Well, there we are: with considerable dignity, and after much agonising, Chelsea Horrobin has had a termination – the first in Ambridge since dastardly Cameron Fraser abandoned a pregnant Elizabeth Archer at a motorway service station in 1992. On the other hand Ben Archer, with whom Chelsea had sex at this summer’s “Ambridge rave”, has exploded (cue actual sounds of smashing crockery) from the psychic contradiction of being a fundamentally nice guy who’s caused everyone around him a world of pain. He’s chucked out his girlfriend Beth (doesn’t deserve her, etc) and I fully expect him to break up with his similarly named collie, Bess, on related grounds.

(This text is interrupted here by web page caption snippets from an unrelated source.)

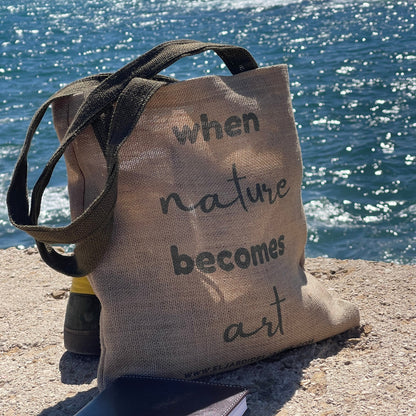 Tote bag "When nature becomes art"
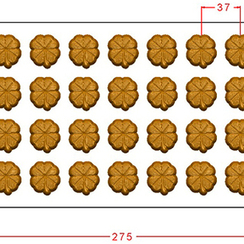 978 | Форма для шоколадных конфет "Четырехлистный клевер" (275*175мм)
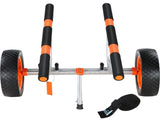 Adjustable Kayak Cart Canoe Boat Carrier 450lbs Load with 12'' Solid Tires V952-S450LBS12INCHFZNLV0
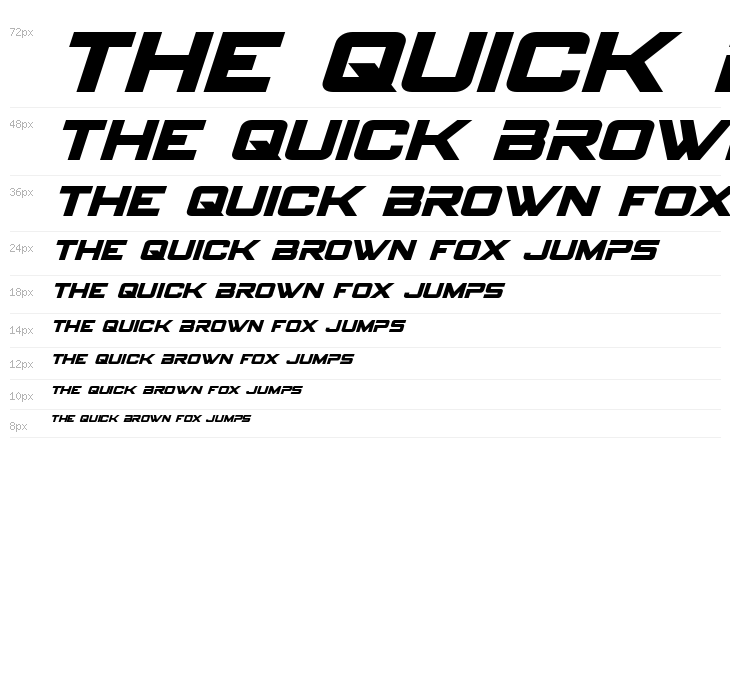 Spy Agency Bold Italic Waterfall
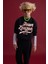 Erkek Çocuk Baskılı Şardonlu Sweatshirt Eşofman Altı 2'li Takım 3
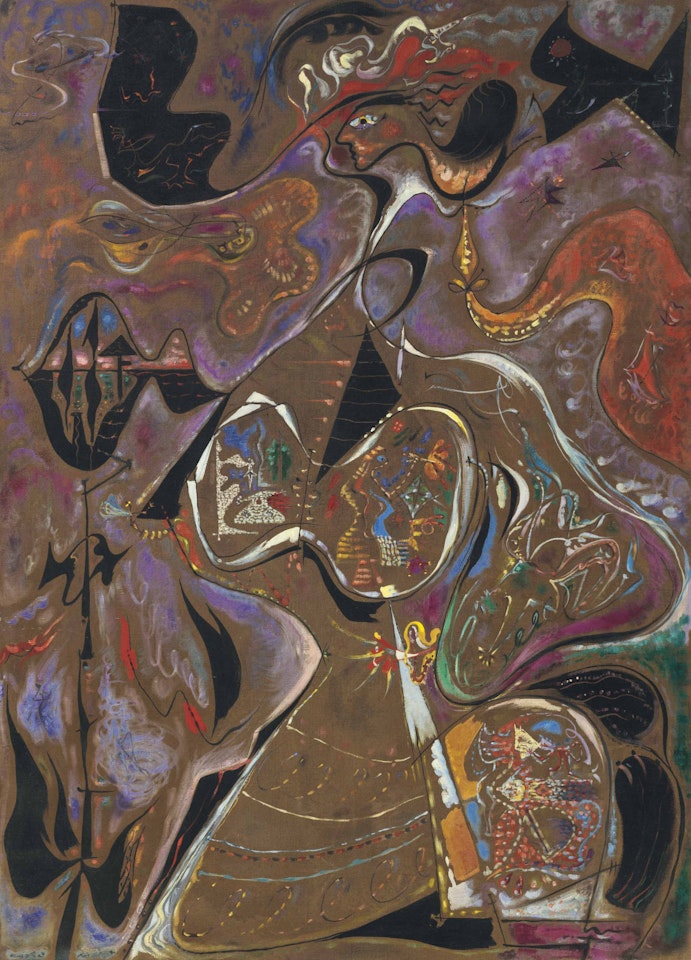 La belle Italienne by André Masson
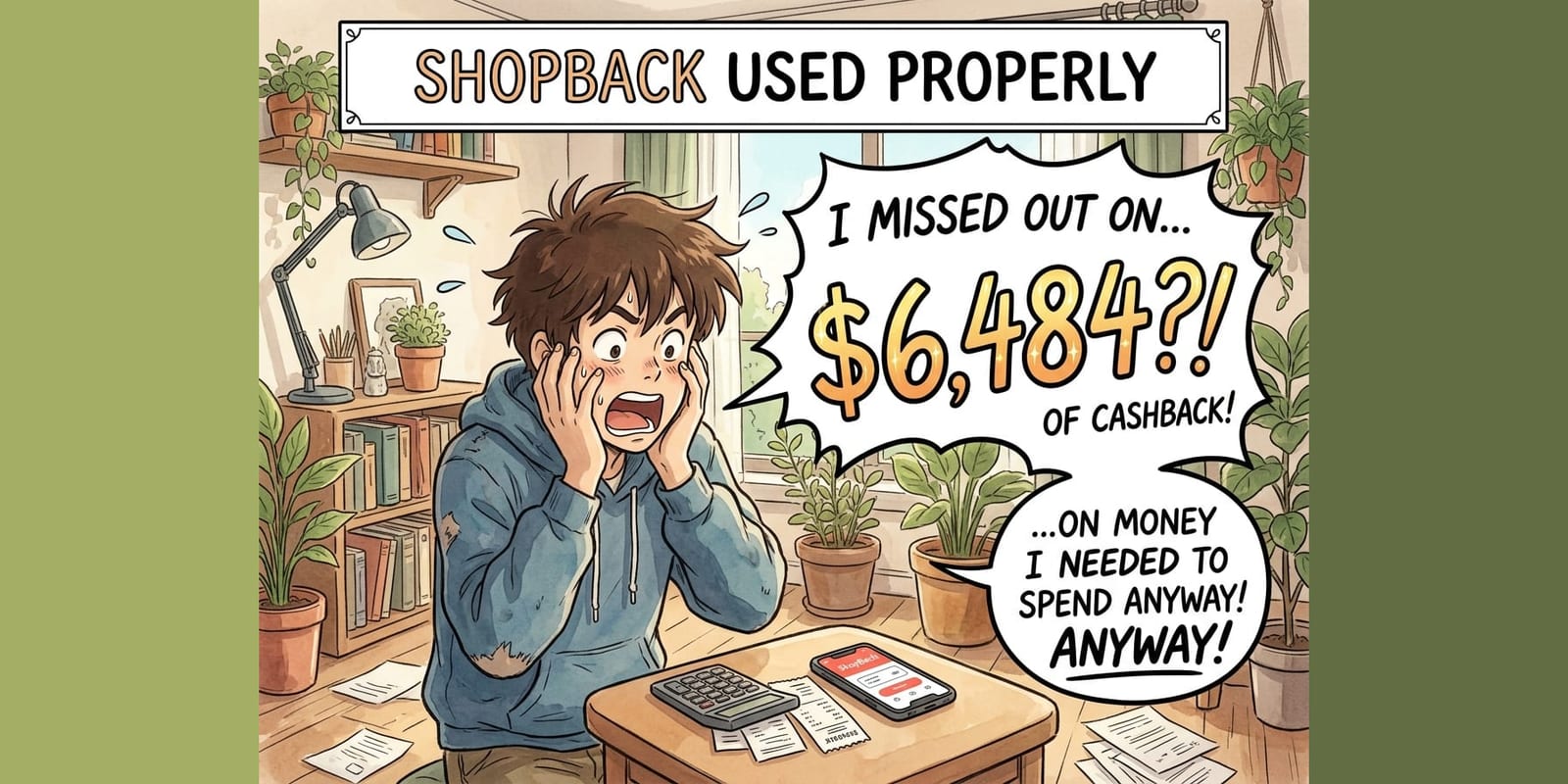ShopBack, Used Properly: S$6,484 of Cashback for Spending We Would Have Done Anyway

At Brookfield, Jill and her paramour, Leonard, decorated the spare room ready for its first B&B guests, thoughtfully furnishing it with a copy of The Tenant of Wildfell Hall, a novel strongly deprecated by Pip Archer, who believed it might be by the author of that “depressing” one with Cathy and Heathcliff in it. No, Pip, it’s an early feminist classic by Emily Brontë’s sister, Anne, about a woman living in a village with her young child in seclusion from the dissolute father. I’d pop it on your reading list if I were you.
I wish I did not have to mention the icky goings-on around the hot tub on the Beechwood Estate, recently installed by Joy and her new (and in my view untrustworthy) squeeze, Mick. Poor Helen Archer and her boyfriend Lee found themselves awkwardly sharing said tub; we are led to understand that Mick is large of girth and small of Speedos. There has been much in the way of painful double entendres. “You look like a man with a large adjustable wrench,” etc. This makes one long for turnip and silage content, on the whole.
What is Clarrie Grundy’s favourite ever film? Shaun the Sheep? Good try. Could she be a fan of Days of Heaven, the Terrence Malick masterpiece set among seasonal workers on a Texan farm? Or God’s Own Country, that tale of gay passion in the frozen lambing sheds of rural Yorkshire? I am afraid to break it to you that it is, of course, Love Actually, and I can just see Clarrie snivelling into her hankie as Emma Thompson bravely smooths the marital bedspread so foully besmirched by a philandering Alan Rickman.
Over at Lower Loxley, a man who you knew was wearing a bow tie just from the sound of his voice bought Russ’s portrait of Lily Pargetter for a grand. It’s hard to tell what Russ’s art is like from the radio, but if he’s a “genius” as claimed, the Borsetshire art market is stuck in another millennium, let alone a parallel universe.